Biology Program

UBC’s Biology Program was recently restructured to allow students more flexibility in pursuing specific interests, such as sustainability, while working toward their BSc degree.

The UBC Biology Undergraduate Program is the largest of the undergraduate science programs offered at UBC.  In first year science, undergraduates interested in the Life Sciences take some or all of the first year Biology courses (which are offered jointly by the Departments of Botany, Zoology, and Microbiology & Immunology).  These are large courses with enrollments of between 1,500 and 2,000 students. Students apply to a Majors program in 2nd year and may choose among programs in Biochemistry, Biology, Biotechnology, Physiology (Honours only), Environmental Science, Microbiology and Immunology, Pharmacology, and Psychology, as well as various interdisciplinary majors such as Integrated Sciences, the Combined Majors in Science, and the Major in Cognitive Systems. Roughly 300 to 400 choose the Biology Program.

The Biology Program consists of a majors program and multiple honours specializations.  In addition, the Biology Program partners with other units on campus to offer a combined major in Computer Science & Biology, and combined Honours Programs in Chemical Biology, Computer Science & Biology, and Biology & Oceanography as well as double majors and minors.
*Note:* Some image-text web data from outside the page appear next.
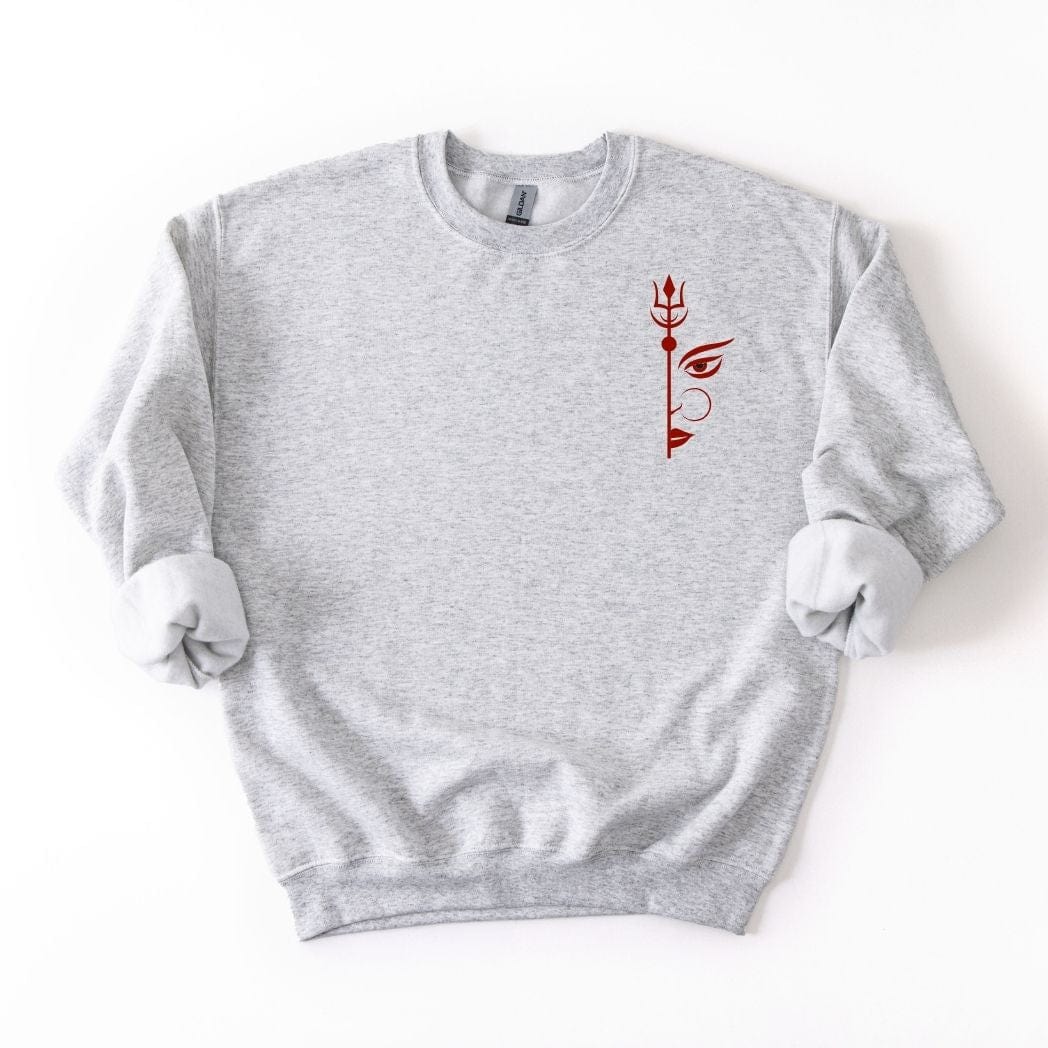 Durga Mata 2 - Fierce, Fearless, and Fabulous SWEATSHIRT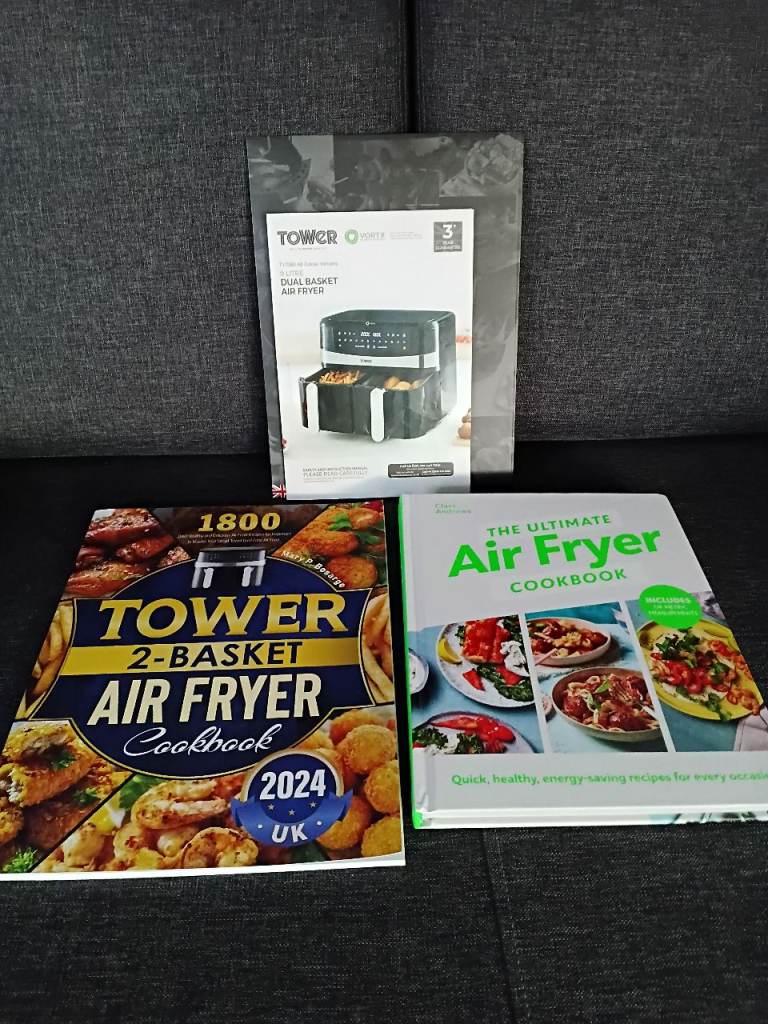 Tower Vortx 9L Dual Basket Air Fryer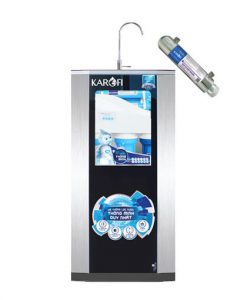 Máy lọc nước thông minh Karofi 9 cấp tủ IQ đèn UV
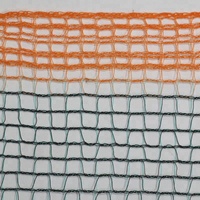 Filet de collecte d'olives polyvalent en HDPE 55 g/m² - Barrière anti-oiseaux et protection contre la grêle pour olives, filet de collecte de fruits réutilisable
Cooperative education and international study exchange options that provide relevant work experience are also available within the biology major. Students typically apply to enter the honours programs, co-op, and exchange programs in their 3rd year.
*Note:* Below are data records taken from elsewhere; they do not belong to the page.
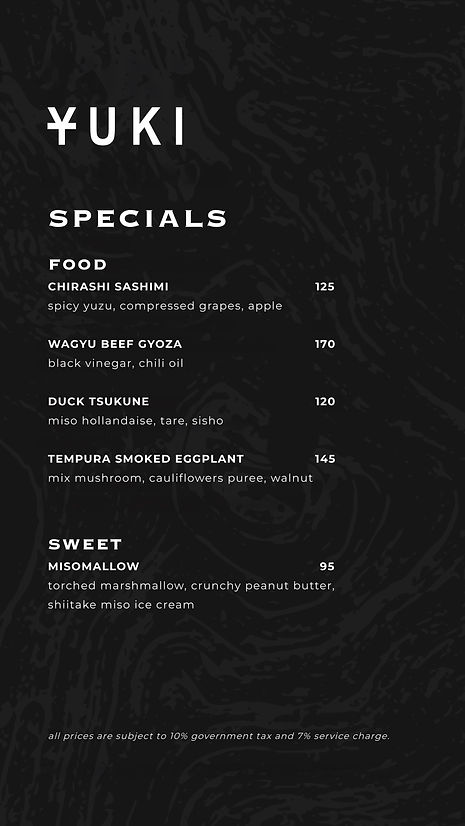 YUKI SPECIALS & SWEET 0726.jpg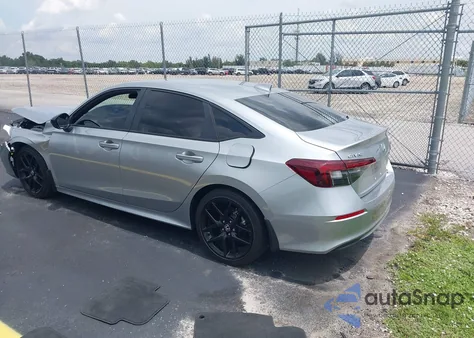 2025 Honda Civic Sport из США, поврежденный, VIN 2HGFE2F5XSH534505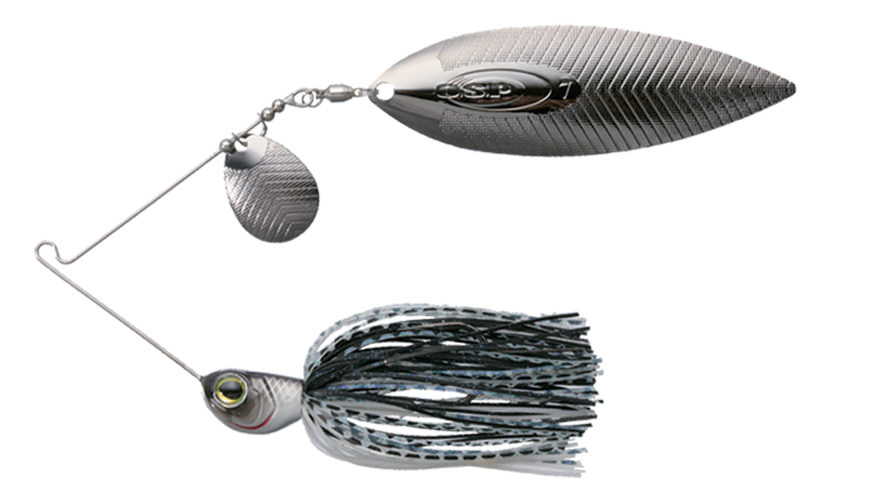 OSP Typhoon : le spinnerbait brochet de référence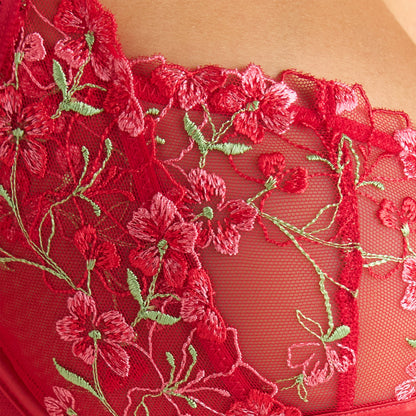 Lounge Cecily Intimates Bra (Set) - Maroon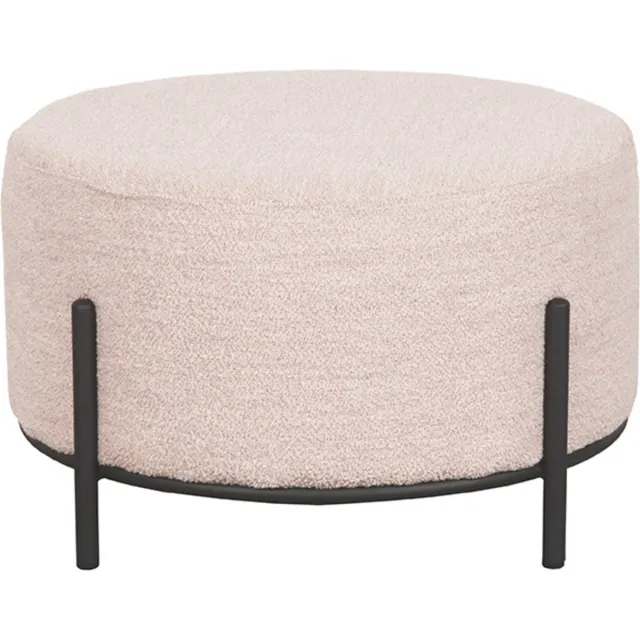 LABEL51 Troy Poefs - Naturel - Stof - XL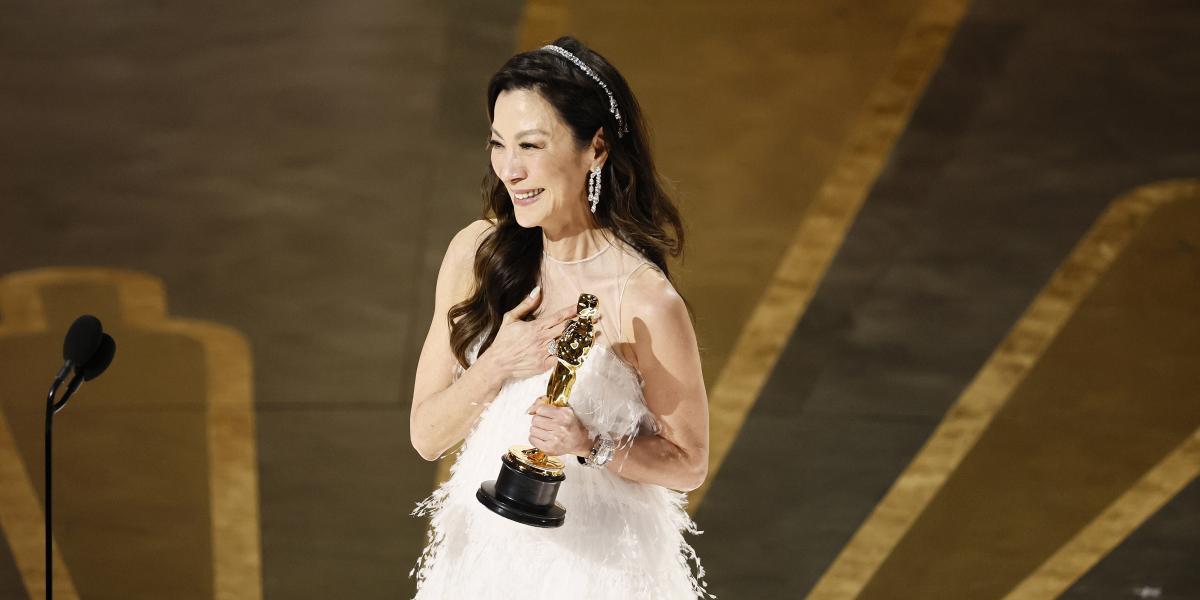 Michelle Yeoh gana el Oscar a la Mejor Actriz por su papel en 'Todo a la vez en todas partes'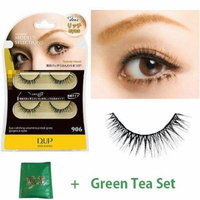 D.U.P False Eyelashes Deux - Rich Eyes 906 (Green Tea Set)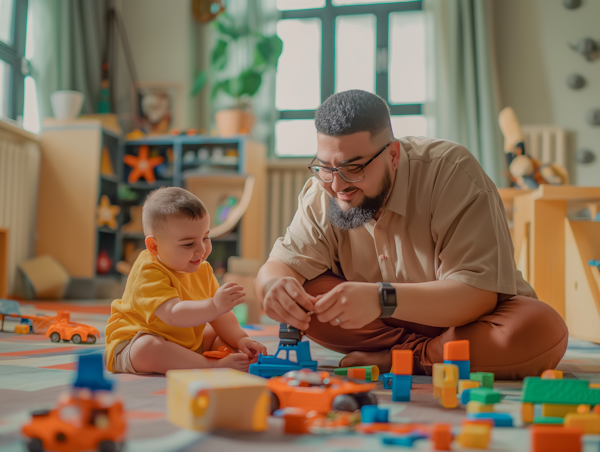 Parent and Child Playtime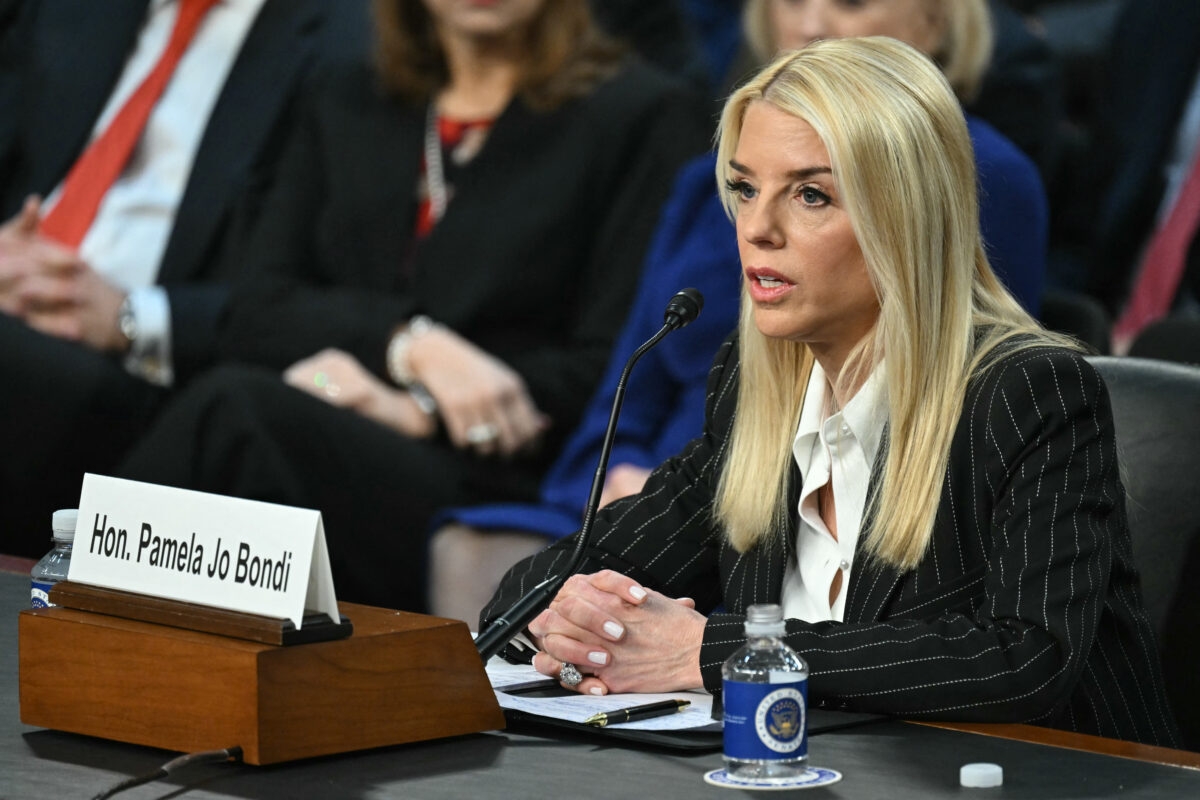 Attorney General Pam Bondi establishes task force to prosecute Oct. 7 crimes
Biology Major Program Overview:








Over the past decade, the Biology Program has undergone significant change in both curriculum and pedagogical approach. The current program structure is relatively recent, with the new program being fully implemented for the first time in the 2011-2012 academic year. This program revision is the result of a lengthy process of reflection and consultation (starting in 2001) that involved input from the Faculty of Science, the Departments of Zoology, Botany, and Microbiology & Immunology, and from undergraduate students. Significant new funding for this initiative came from the Dean’s Office via Strategic Project Funding (SPF) and from the Carl Weiman Science Education Initiative (CWSEI). The former provided new, recurring resources for instructor and teaching assistant hires as well as funds for enhancing experiential learning within the curriculum. The latter provided funding for postdoctoral fellows (science teaching and learning fellows, (STLFs)) to develop and test new educational approaches within the primary discipline streams of our majors program. This includes mapping the program level learning outcomes onto our courses, with the goal of identifying gaps and overlaps; mapping experiential learning and writing skills development through the program; and facilitating professional development for faculty teaching in the Biology Program.
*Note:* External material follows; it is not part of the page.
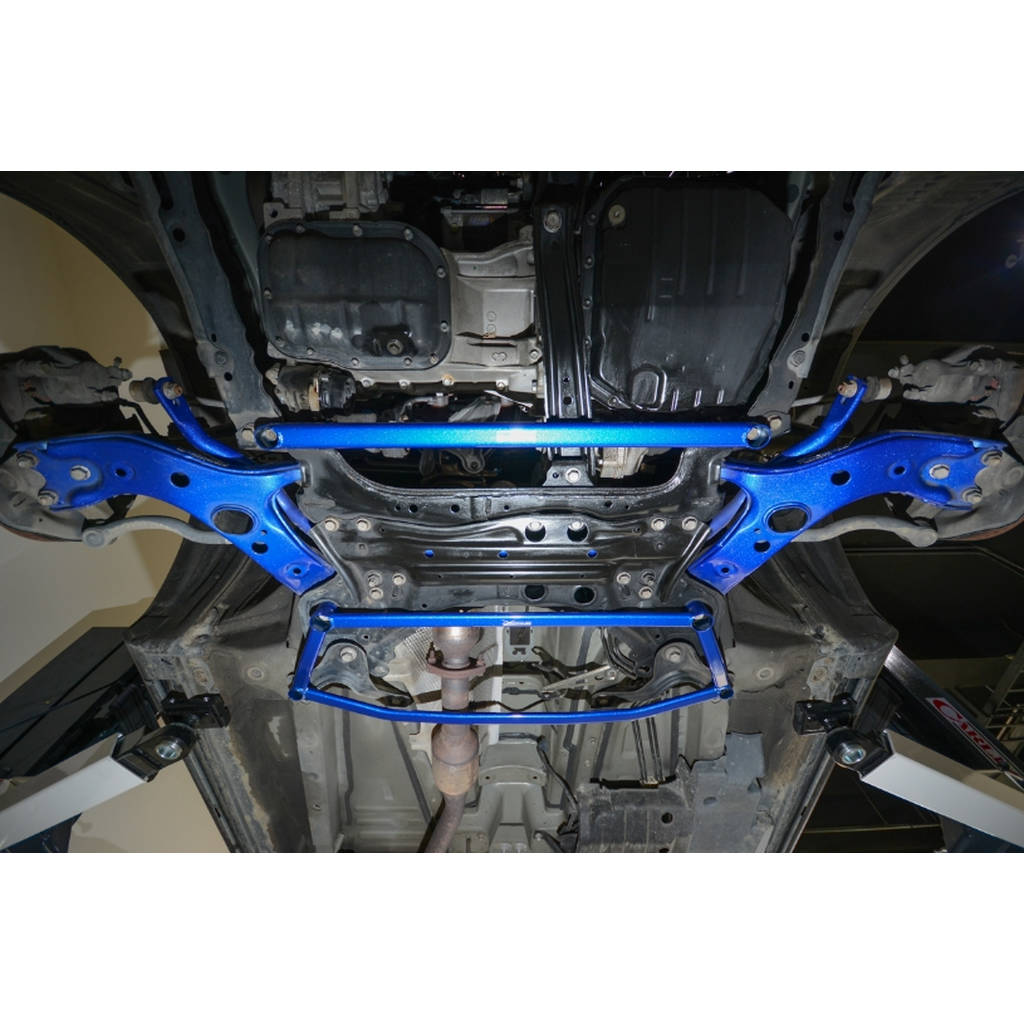 HARDRACE Q0364 Задній нижній кронштейн для TOYOTA RAV4 XA40 13-18 Photo-5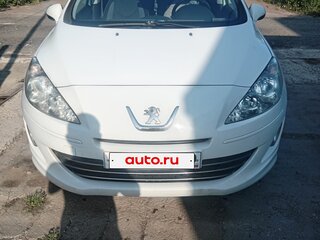 2015 Peugeot 408 I, белый, 650000 рублей, вид 2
The Biology Program provides access to a wide diversity of courses, and currently offers 87 BIOL courses; the Department of Zoology offers or participates in 67 of these courses.  In addition, Biology undergraduate students have access to more than 50 courses that can count towards their Biology degree that are offered through other programs or units (Biochemistry, Microbiology, Physiology, Anatomy, Bamfield Marine Sciences Center, Earth and Ocean Sciences, as well as faculties other than Science).  Together this broad course selection allows students access to an impressive variety of courses across the complete breadth of the Biological Sciences.

In the new biology specialization, we are developing pathways to guide students through their undergraduate degree, not only in preparation for careers or continued study, but also as informed global citizens.  While students can select courses within biology to follow a number of these pathways, a sustainability option goes beyond biology course offerings.  Coordination and collaboration with other departments and faculties is necessary to help students build interdisciplinary competencies and provide them balanced coverage of sustainability concepts, skills, and values.